April 02 2014

Chris Farrell hits the nail on the head noting how there is a rather reactionary world view that adding “financial” to “innovation” is viewed (erroneously) by many as an oxymoron.

No doubt some products were steps too far but to deny, for instance, derivatives is to preclude fixed mortgage agreements which have so benefitted European house buyers in recent years. Likewise where would travel be without that splendid innovation, the credit card, or the debit card?

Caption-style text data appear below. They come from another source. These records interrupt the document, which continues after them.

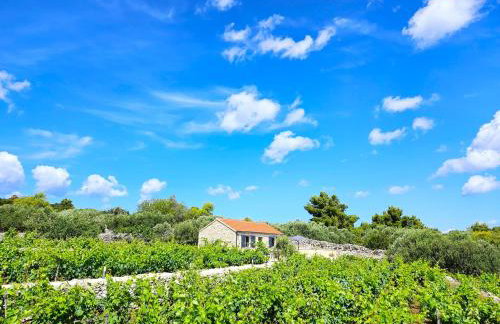 Stone house in vineyard - Photo 10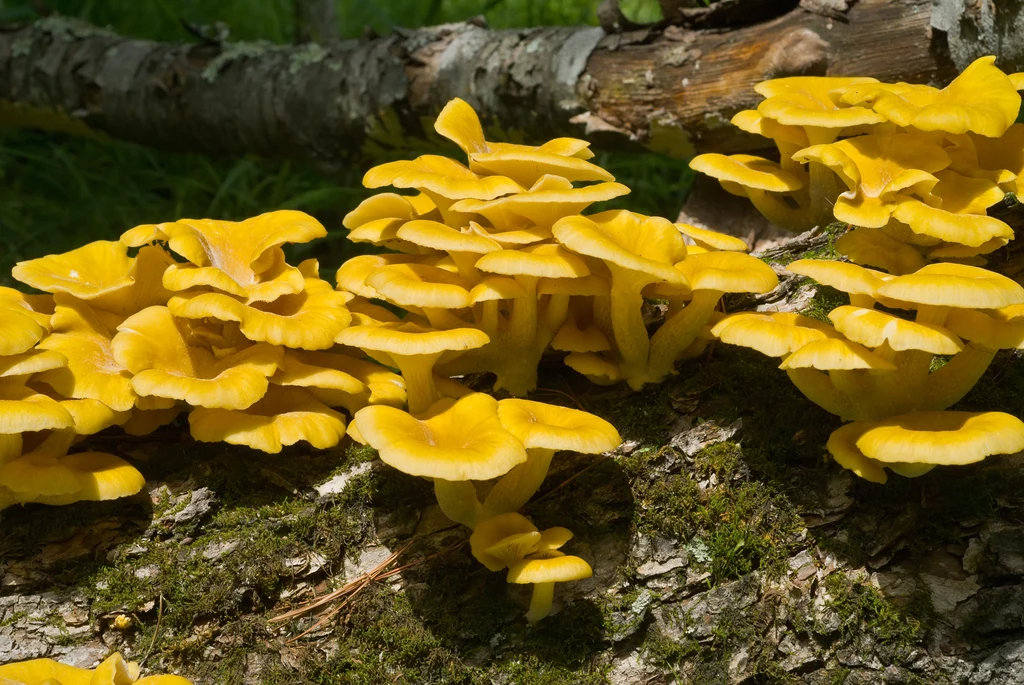 Boczniak cytrynowy uchodzi za grzyb bardzo smaczny Boczniak cytrynowy uchodzi za grzyb bardzo smaczny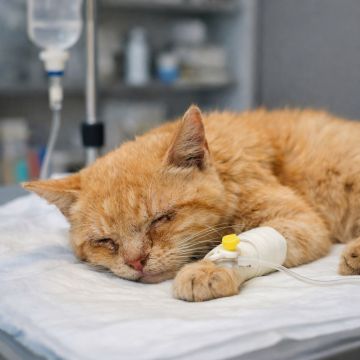 � ������ �������� �������� �����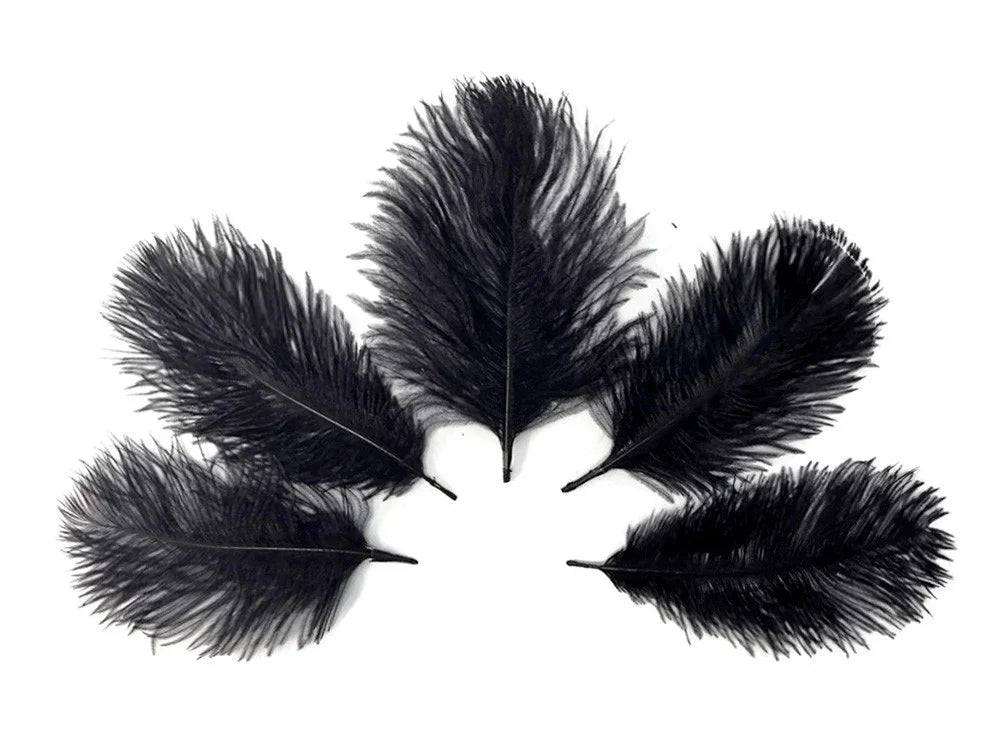 Five large black ostrich feathers arranged in a fan shape on a white background.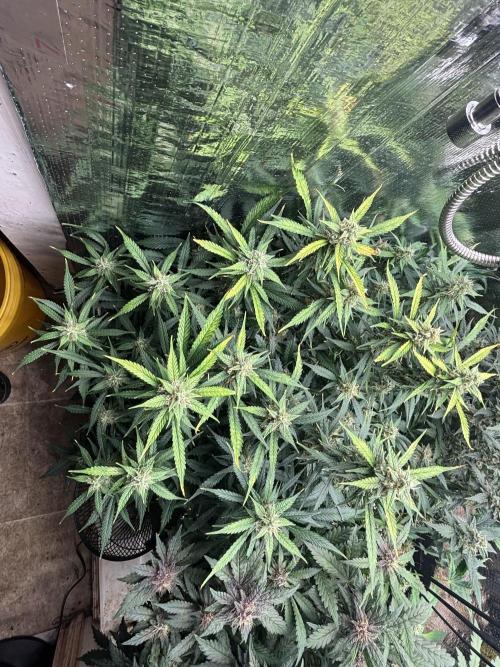Pico Gelato Auto. Week 11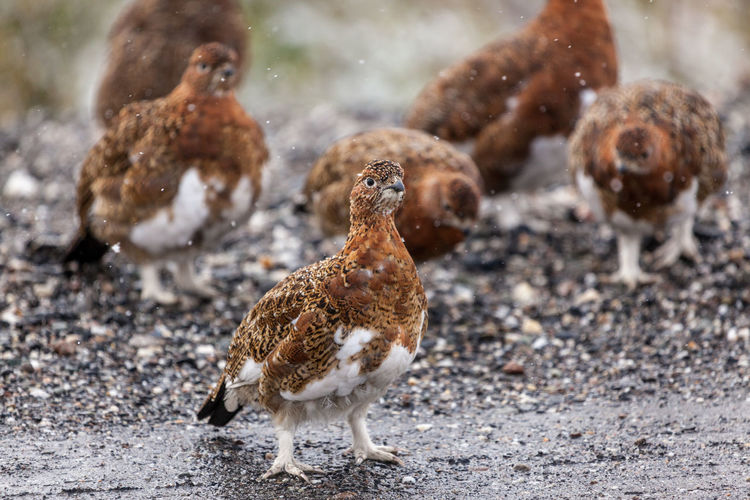 View of birds on land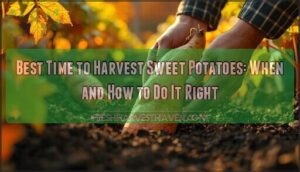 best time to harvest sweet potatoes best time to harvest sweet potatoes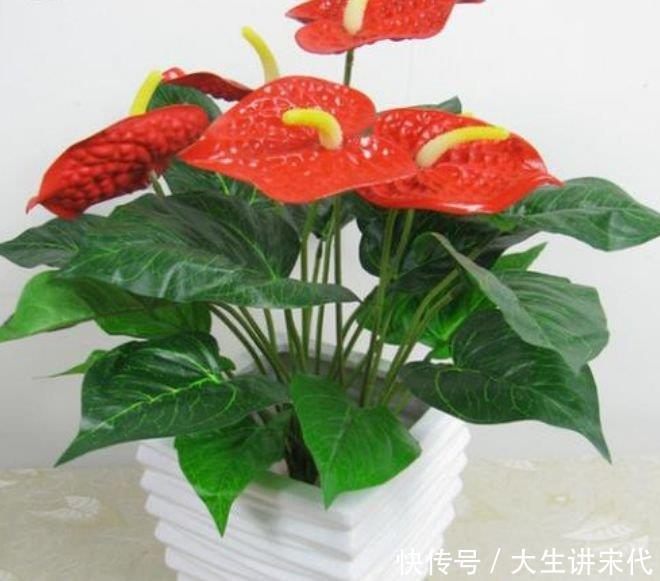 爆盆|四种花常年开花易爆盆,被称为花卉界的劳模,一开就是100天!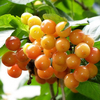 Egrow 20 Pcs / Sac Jaune Cerise Graines Balcon Jardin Fruits Bonsa En Pot Graines De Plantes Vert Bonsa Cerise Fruits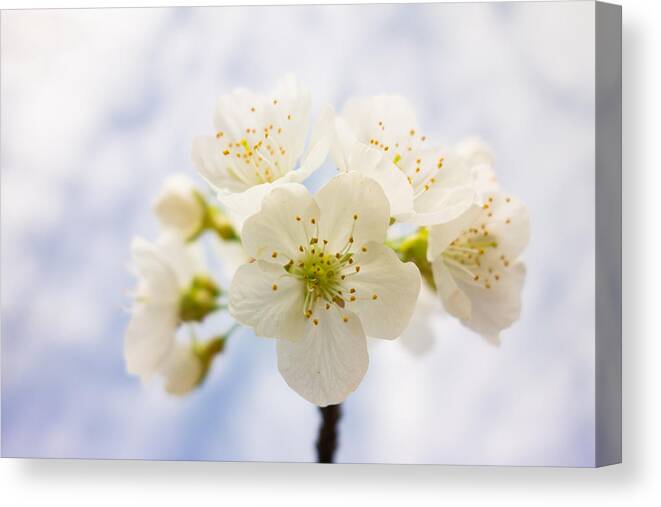 Blossom Canvas Print featuring the photograph Apple blossom bright white and delicate by Matthias Hauser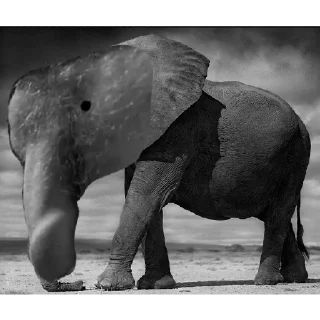 Sticker Local govno memes - 8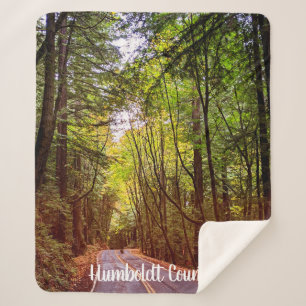 Nassstraße durch grüne Bäume in Humboldt Herbst Sherpadecke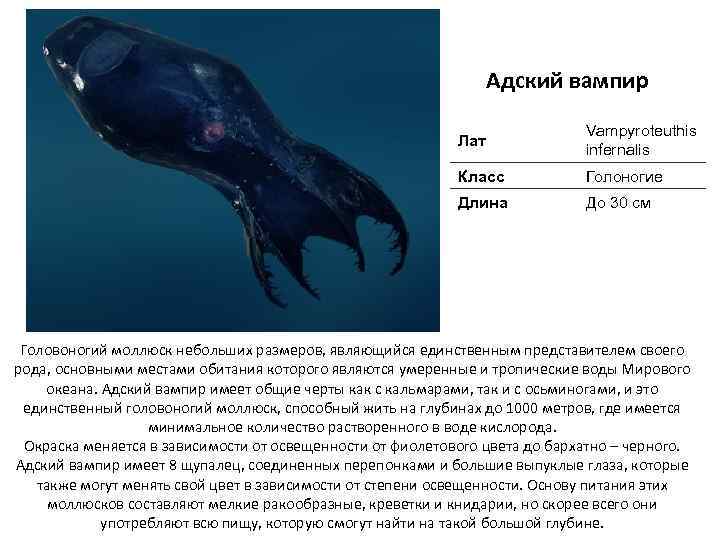 Адский вампир Лат Vampyroteuthis infernalis Класс Голоногие Длина До 30 см Головоногий моллюск небольших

Financial innovation works – SIBs and DIBs are a great example of that…and here’s the article, happy reading:

‘Social Finance’: Doing Good By Doing Well
Chris Farrell – Businessweek

Americans celebrate innovation, a term that the dictionary says stems from the Latin verb innovare—to “make new.” We all sense that a wave of innovations—mobile internet, robots, artificial intelligence, driverless cars—will transform the way we live and work. Innovators are admired for their game-changing insights that upend old ways of doing business, and create economic opportunities.

Add the word “financial” to “innovation” and the love fest stops cold. Financial innovation is now considered something of an oxymoron, which is hardly surprising in view of the widespread wealth-and-job destruction of recent years, when credit-based derivatives and similarly engineered securities went catastrophically bad. What financiers call innovations are often nothing more than cleverly designed products for making old-fashioned, leveraged bets.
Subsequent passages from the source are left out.